D'emblée, le député-maire de Meaux, qui dirigea la majorité à l'Assemblée sous Nicolas Sarkozy, s'en est pris à celui-ci en l'accusant de ne pas avoir honoré ses engagements. 'Il y a dix ans, en 2007, j'avais comme des millions de Français espéré en la rupture que proposait Nicolas Sarkozy pour notre pays (...). Cette rupture, malheureusement on l'a pas faite', a-t-il lancé.
Justice
Quant à ses déboires judiciaires, Nicolas Sarkozy a assuré qu'il était blanc comme neige : 'Mon casier judiciaire, après 37 ans de vie politique, est vierge', a-t-il souligné. L'ancien président est inculpé dans deux affaires distinctes qui empoisonnent sa campagne.
Son principal rival, Alain Juppé, a pour sa part assumé une condamnation, en 2004, à un an d'inéligibilité dans une affaire d'emplois fictifs. Si les Français 'estiment que ma faute me disqualifie, ils ne m'éliront pas', a-t-il dit.

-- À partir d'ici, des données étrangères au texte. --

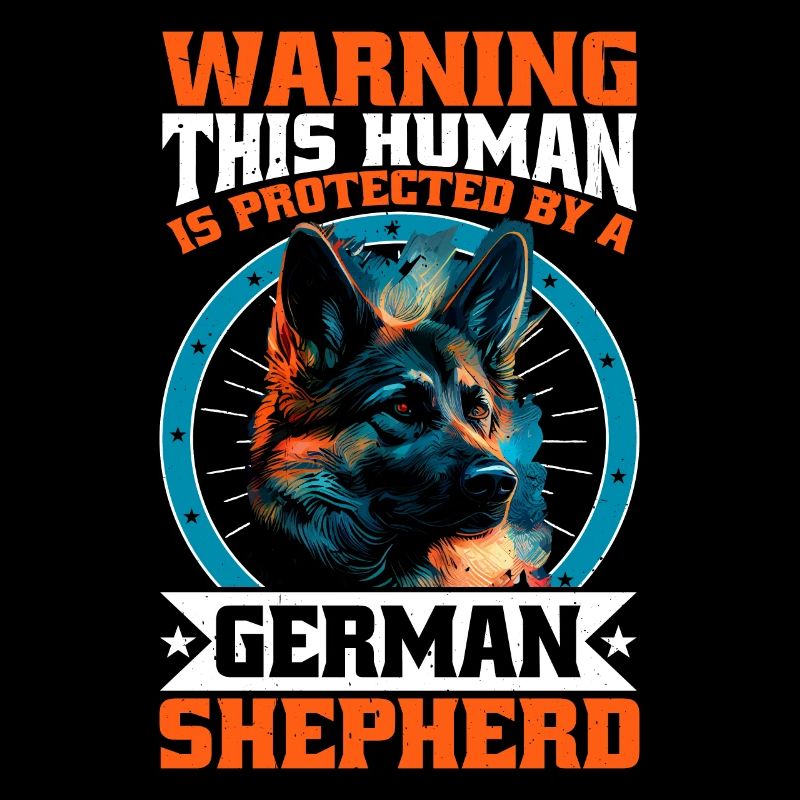 This Human Is Protected By A German Shepherd 13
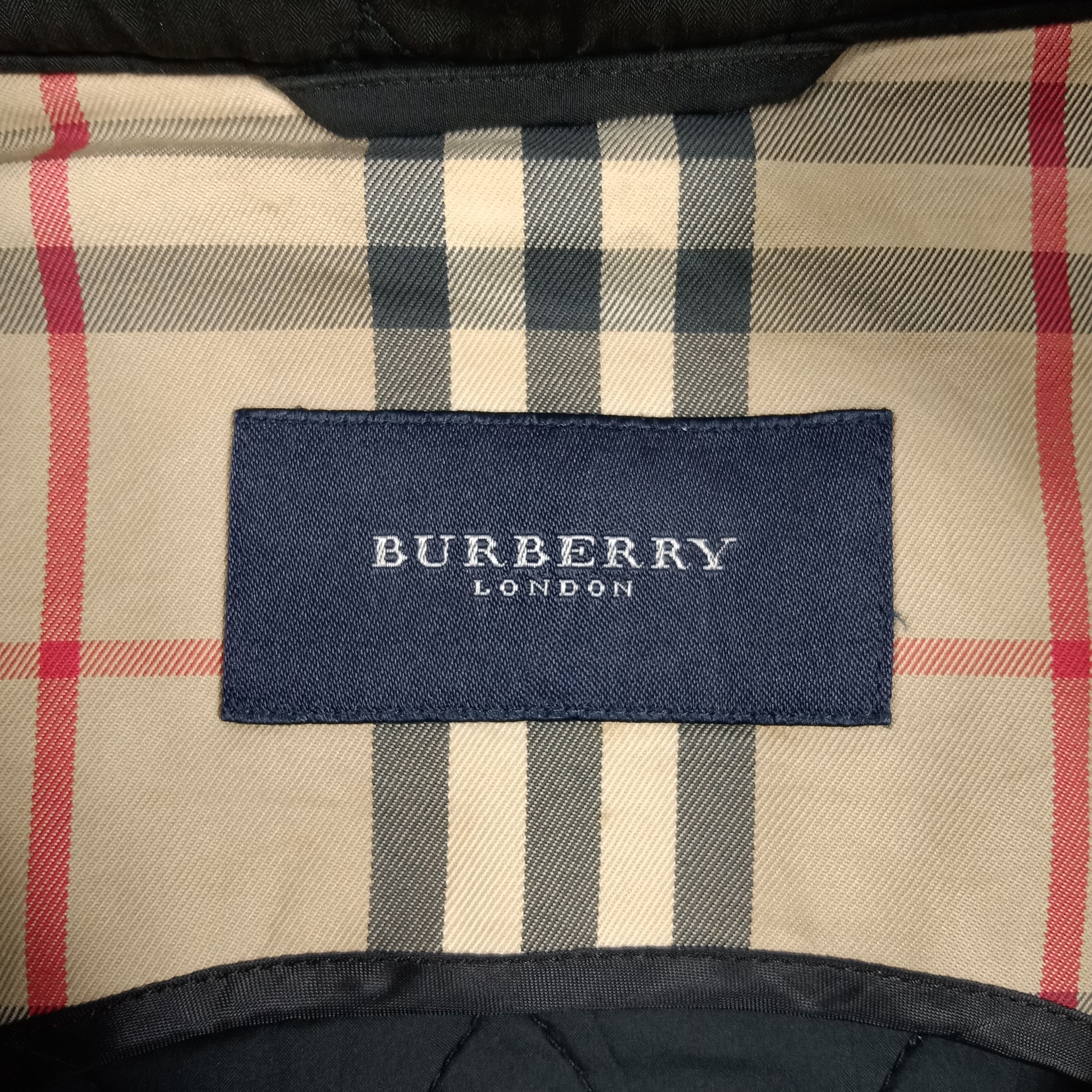Burberry Burberry Nova Check Designer Lining Quilt Field Coat C287N9 Size US L / EU 52-54 / 3 - 4 Thumbnail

Le débat a porté sur les thèmes de l'immigration et de la sécurité, ainsi que les questions économiques.
François Hollande
Tout à leur volonté de dérouler leur programme, les candidats en ont presque oublié de critiquer le gouvernement et le président socialiste François Hollande, très impopulaire depuis son élection en 2012. Ce dernier ne dira qu'en décembre s'il compte briguer un second mandat.
Cette première joute doit être 'un débat, pas un pugilat comme aux États-Unis', ce qui 'donnerait une image désespérante de la vie publique', avait souligné avant le débat Thierry Solère, président du comité d'organisation de la primaire, en référence à la vulgarité inédite du duel américain Clinton-Trump.
L'enjeu de cette primaire est majeur. Au vu du marasme à gauche, son vainqueur a toutes les chances, selon les sondages, de remporter le deuxième tour de la présidentielle en mai face à la candidate du parti d'extrême droite Marine Le Pen.
Deux autres débats à sept sont prévus les 3 et 17 novembre et un dernier, entre les finalistes, le 24.